# 390, 390 boss, DS45 (distortion), or tt30(titan)



## baronofbacon (Jan 19, 2011)

Hey all,

theres been tons of posts on these bindings, but nothing conclusive to my riding style. 

Looking to strap onto my Bataleon Evil Twin 151. Almost exclusively park. And its 100% gotta be Flux or Rome, only because I can get them cheap through CASI.

ive got a pair of older 390's now (07's or 08's i think) and i love 'em!!, but im getting shin splints, ive been told that similar things are happening to people with Forum Stunner boots though, but nonetheless still making me weary on the bindings. Hard for me to say whats causing it, never had this problem before. The boots are getting switched back to Lashed pretty quick here though, so that factor is irrelevant and my 390's have seen better days at this point too and need to be replaced regardless. 

I've never tried a Flux binding and also any views on canted footbeds (in the 390 boss) if you are hitting lots of park?

Cheers for any input you guys can throw my way.


----------



## Triple8Sol (Nov 24, 2008)

If you're riding mostly park, you should look into the Flux RK30.


----------



## baronofbacon (Jan 19, 2011)

they also look pretty sick. thanks for the recommendation. not sure how i over looked them before. How well do you think a binding with that much flex would do on the occasional pow day?


----------



## cjs2002 (Nov 15, 2010)

first season on fluxes (tt30s) and i am in love. they have my business for years to come. been hitting the park almost every run too.


----------



## MunkySpunk (Jan 7, 2009)

I cant at 2 degrees with the front foot and 0 with the rear. I found that even the 2 degree cant on the rear hurt like hell.

As far as the advantages of canting....... :dunno: It may all be bullshit, but I've got the pads so I slid them in there. 

Unless your binding comes with the cant standard, IMHO there's probably no reason to pay extra for the 390 Boss over the 390 - you've ridden without cant this long.

My advice is that whatever you get, make sure you can take the cant back to 0 degrees in case it ends up hurting your foot.


----------



## Hodgepodge (Dec 9, 2010)

i use canting on my 390 boss's, and i really didnt notice that much of a difference in my knees. they are really comfortable bindings though. just beware, because the paint chips kind of easily on them, but not many people care that much about it. 390 boss is the illest!


----------



## Nivek (Jan 24, 2008)

Triple8Sol said:


> If you're riding mostly park, you should look into the Flux RK30.


I actually felt like DS45's were better for pretty much everything except straigh jibbing than the RK30's.
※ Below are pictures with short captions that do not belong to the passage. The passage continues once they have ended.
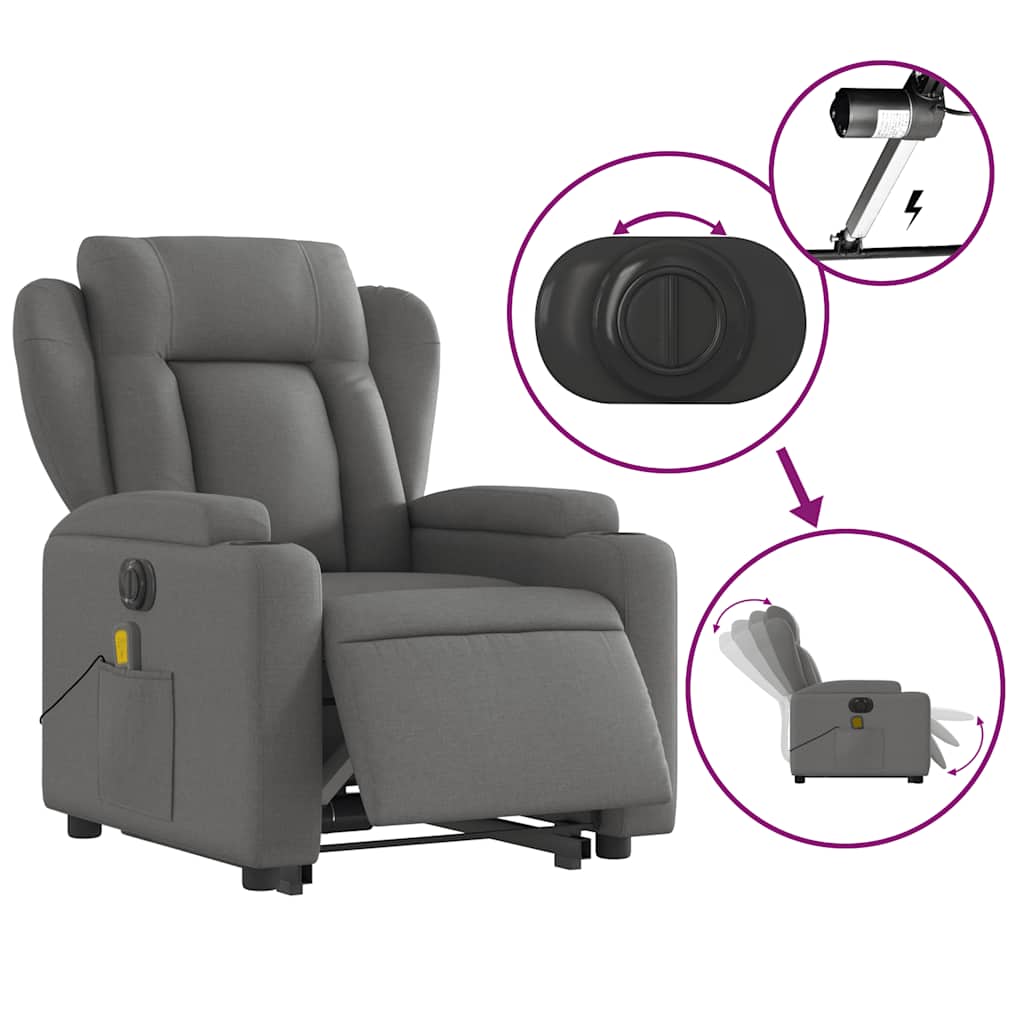 Electric Stand Up Massage Recliner Chair Dark gray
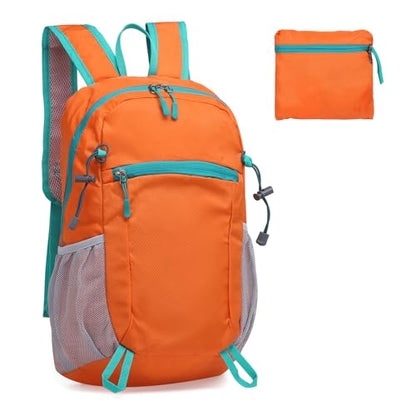 Hiking Daypack Packable, Camping Backpack Water Resistant Lightweight Polyester for Men Women Travel Outdoor - color: Orange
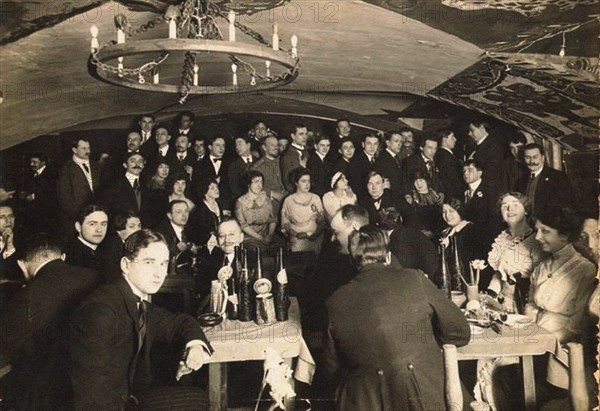 The Stray Dog Cabaret in Saint Petersburg, 1913.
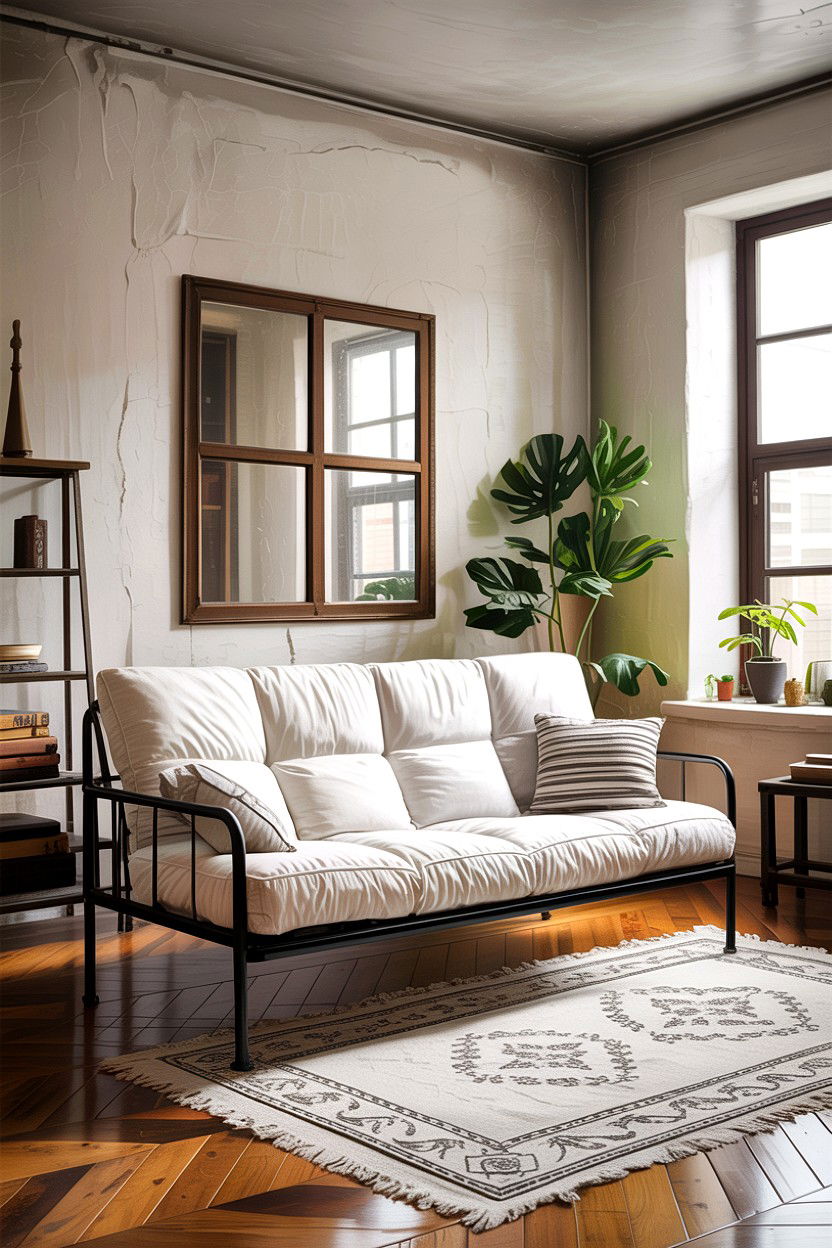 Black Metal Futon - 30 bedroom futon ideas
At least I liked them better for that type of riding.

That's my recommendation. If those aren't available than definitely RK30's.


----------



## enayes (Dec 28, 2010)

is the TT30's toe strap meant to go over the boot or does it work like a capstrap?


----------



## cjs2002 (Nov 15, 2010)

works both ways, but its a money cap strap.


----------



## baronofbacon (Jan 19, 2011)

Sick guys, i think DS45's are where im headed. Nivek, just for argument sake, have you tried a pair of Union Forces? Could use another opinion on them from to get a better idea in comparison of the DS45's.
Cheers all


----------



## Extremo (Nov 6, 2008)

The DS45 are going to feel way different than the Force because of the Urethane high back. No pros are rocking the Urethane, and I've read bad reviews in TWS and Snowoarder about them so I'm a little skeptical of the that highback.


----------